The head of the country's biggest lender said the bank needs to be capable of investing in new technologies, and even new sectors, in future as the nature of banking changes in response to disruptions from technological change and new types of competitor.
"We need to have the capacity to enter material partnerships and joint ventures that we wouldn't have in the past and the flexibility to add capital to support growth," he said.
However, he said the bank must also show it can deliver an attractive return on capital for investors, particularly as regulators insist that all lenders hold more and more capital to protect against future losses.
The AIB chief executive provided no update on the timing of long-delayed sale of shares in the bank, which is a matter for Government, he said.
But those new strategic requirements will be in the minds of prospective new owners of the bank, he said in a speech at a meeting of the Leinster Society of Chartered Accountants.
AIB itself is ready for a partial sale whenever the decision is taken, he said.
"The role of the board and executives for the last five or six years was to fix the bank," he said.

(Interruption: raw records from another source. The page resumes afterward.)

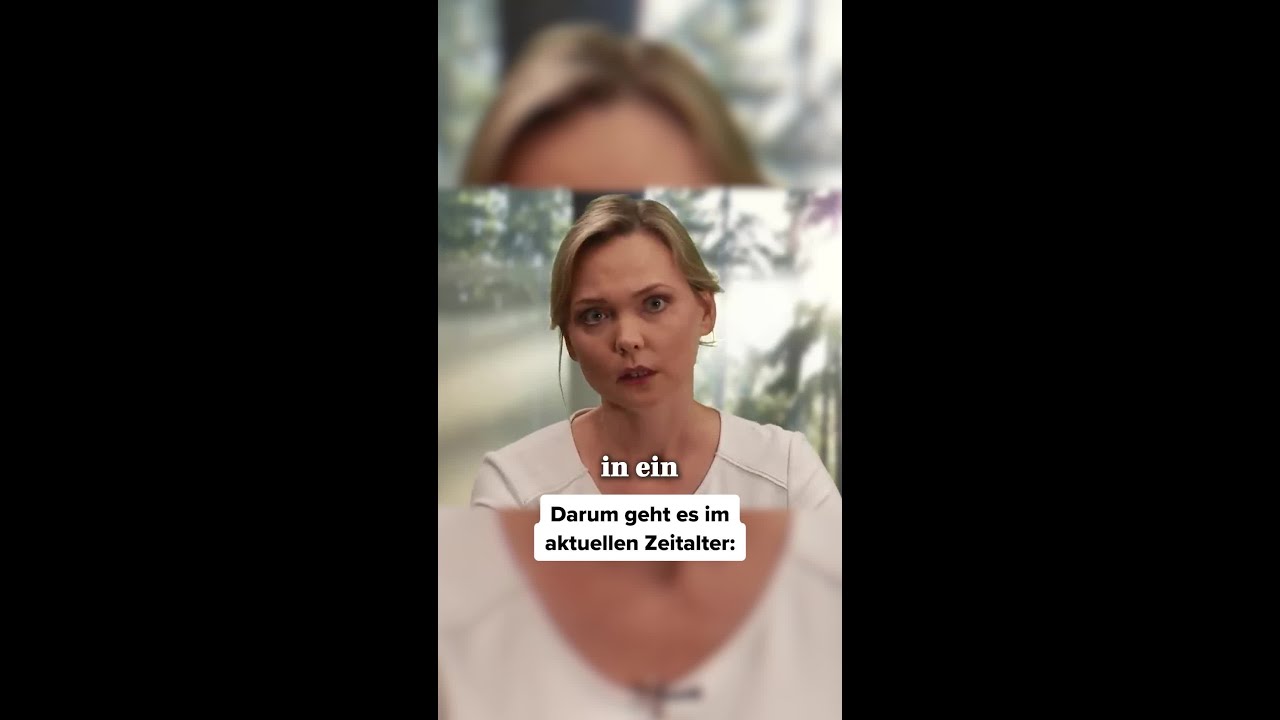 Das Zeitalter der Individualit&auml;t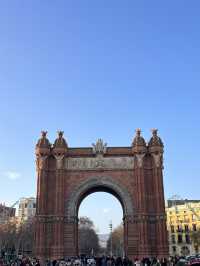 Vibrant Barcelona Guide 🌆🇪🇸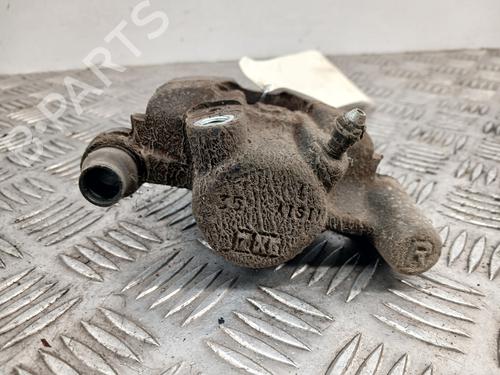 Used Right rear brake caliper Right rear brake caliper TOYOTA PRIUS Liftback (_W2_) 1.5 Hybrid (NHW20_, NHW20R) (112 hp) 34217256 34217256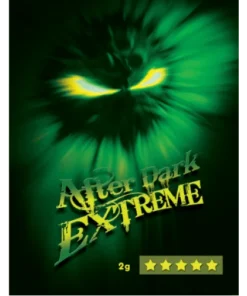 After Dark Herbal Incense 2g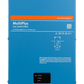 Frontal view of a Victron MultiPlus 12V 2000VA Inverter Charger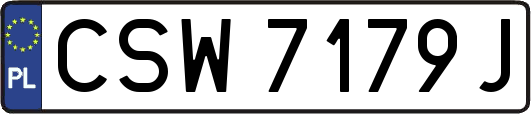 CSW7179J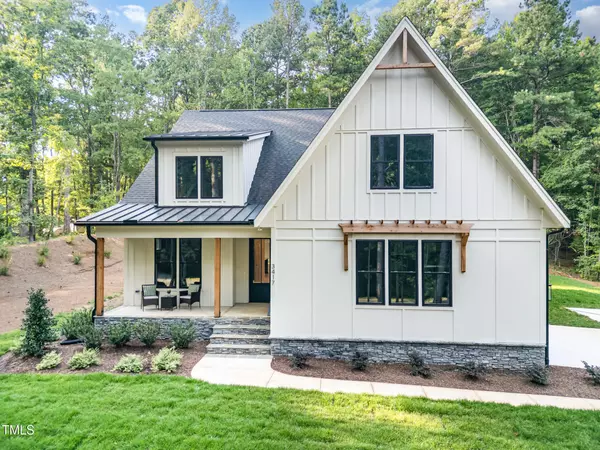 3714 Ode Turner Road, Hillsborough, NC 27278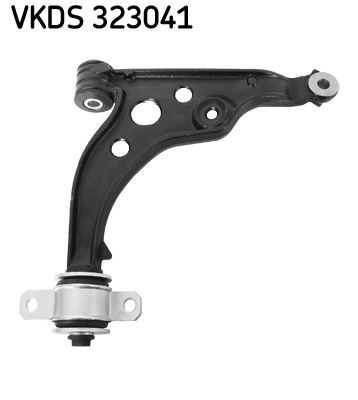 Brat suspensie roata SKF VKDS 323041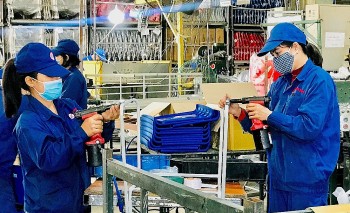 Vietnamese Production Chains Adapts to the New Normal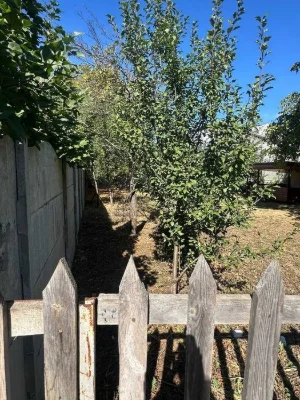 Продам участок в городе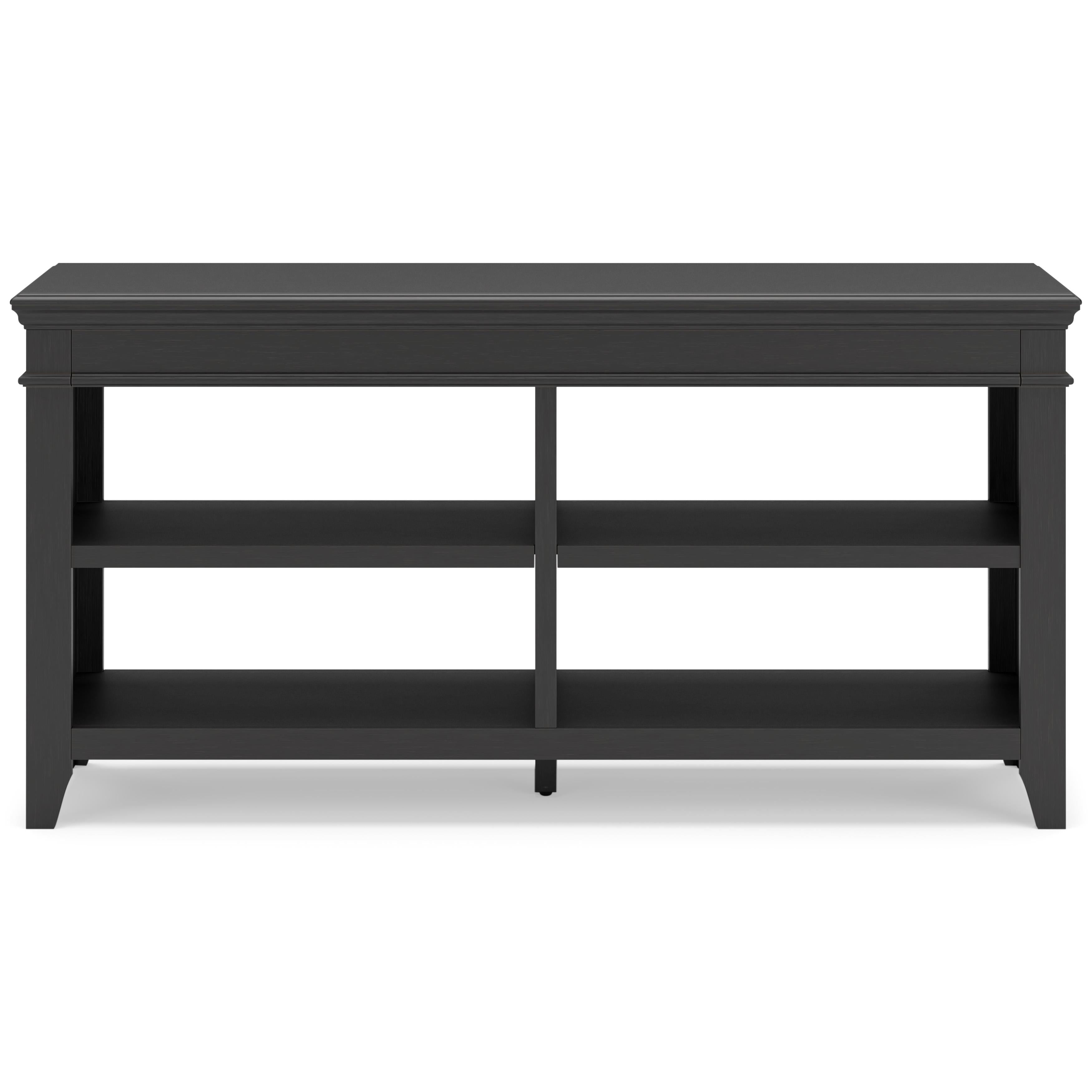 Signature Design by Ashley Beckincreek H778-46 Credenza IMAGE 4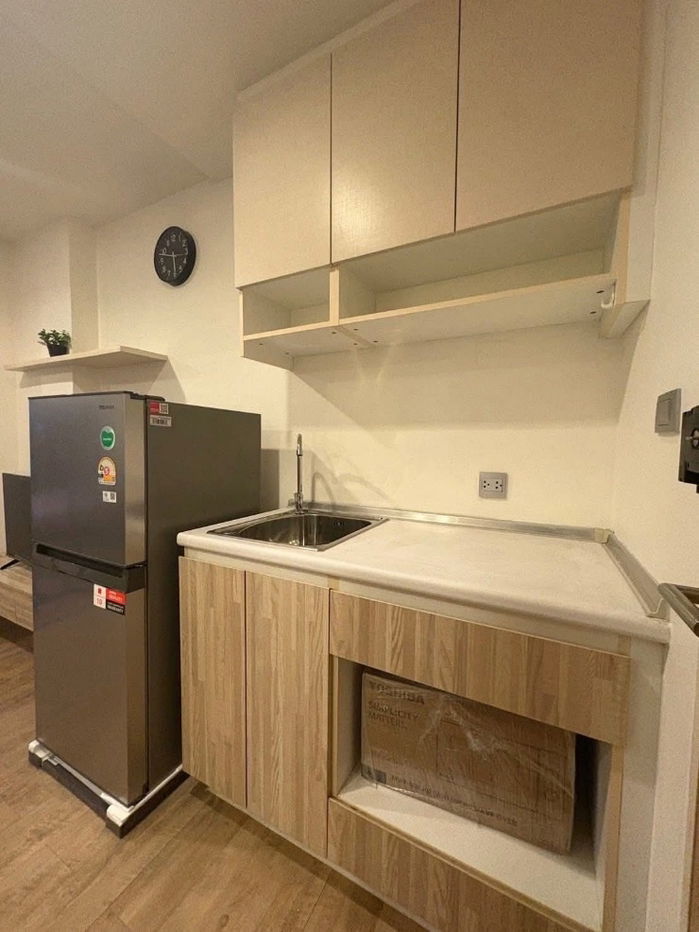 picture AS1649 H2 Metal Ramintra Condo for rent - 5/7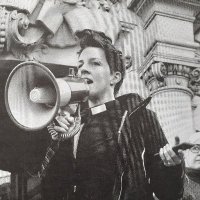 RevdHelenHarknett (@revhharknett) 's Twitter Profile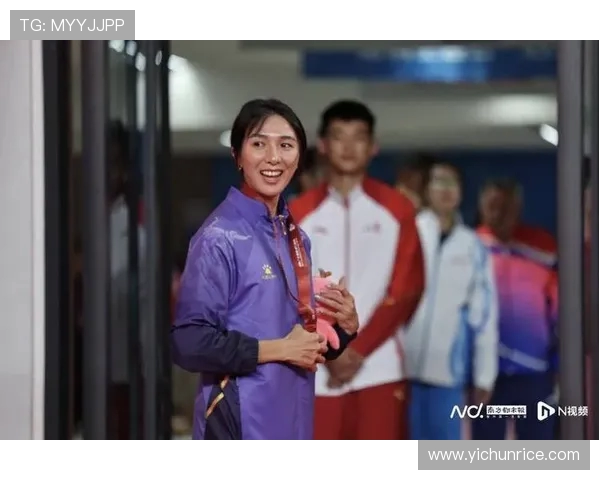 苏炳添领衔青岛田径赛，林雨薇 100 米栏首秀夺冠(1)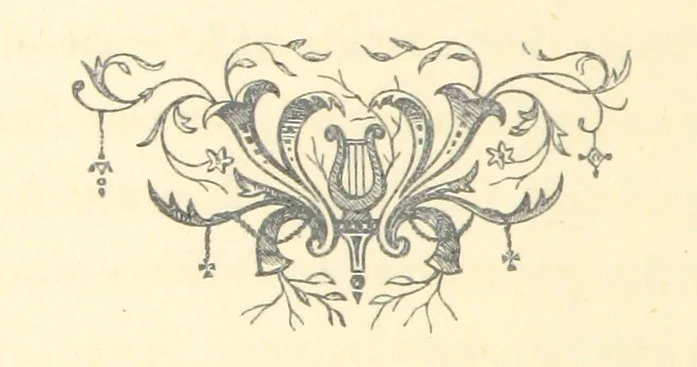 An illustration from The Sunny South. An autumn in Spain and Majorca, 1869, leaf 118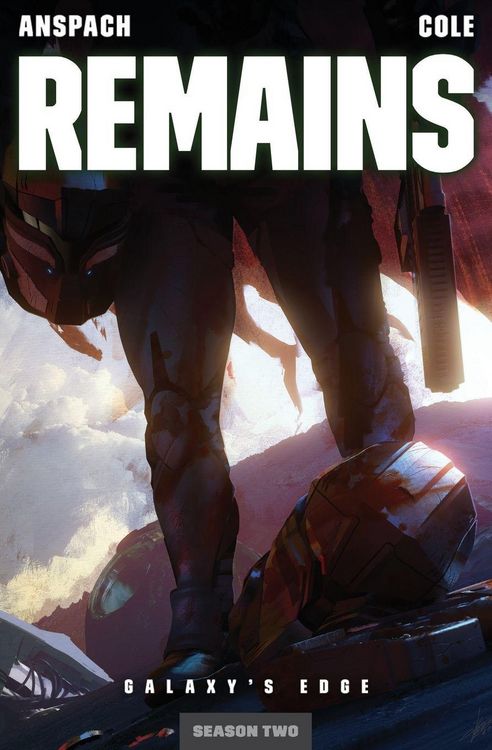 Produktbild: Remains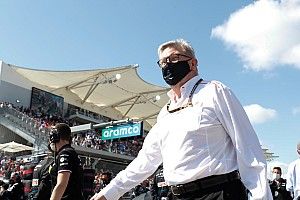 Ross Brawn, Formula 1 yönetimini tebrik etti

While challenges remain, including €10bn of problem customer loans, the initial phase is over, he said.
"We have fixed the bank, we've done the work, we've remediated the issues and we've made it more efficient. Our challenge now is to move to the next phase."
In the new phase lenders, including AIB, face competition from rival banks but also from new start-ups and the big online brands that are all moving into financial services, he said.
Radical change is happening in banking, he said.
The scale of the Irish banking crisis, which forced AIB to make radical changes, now means its better placed than many European peers to adapt to the changing market, he said.
The bank has seen its total staff numbers plunge from 25,000 to 10,000 after the crash, and taken €540m out of its "run rate" cost base, he added.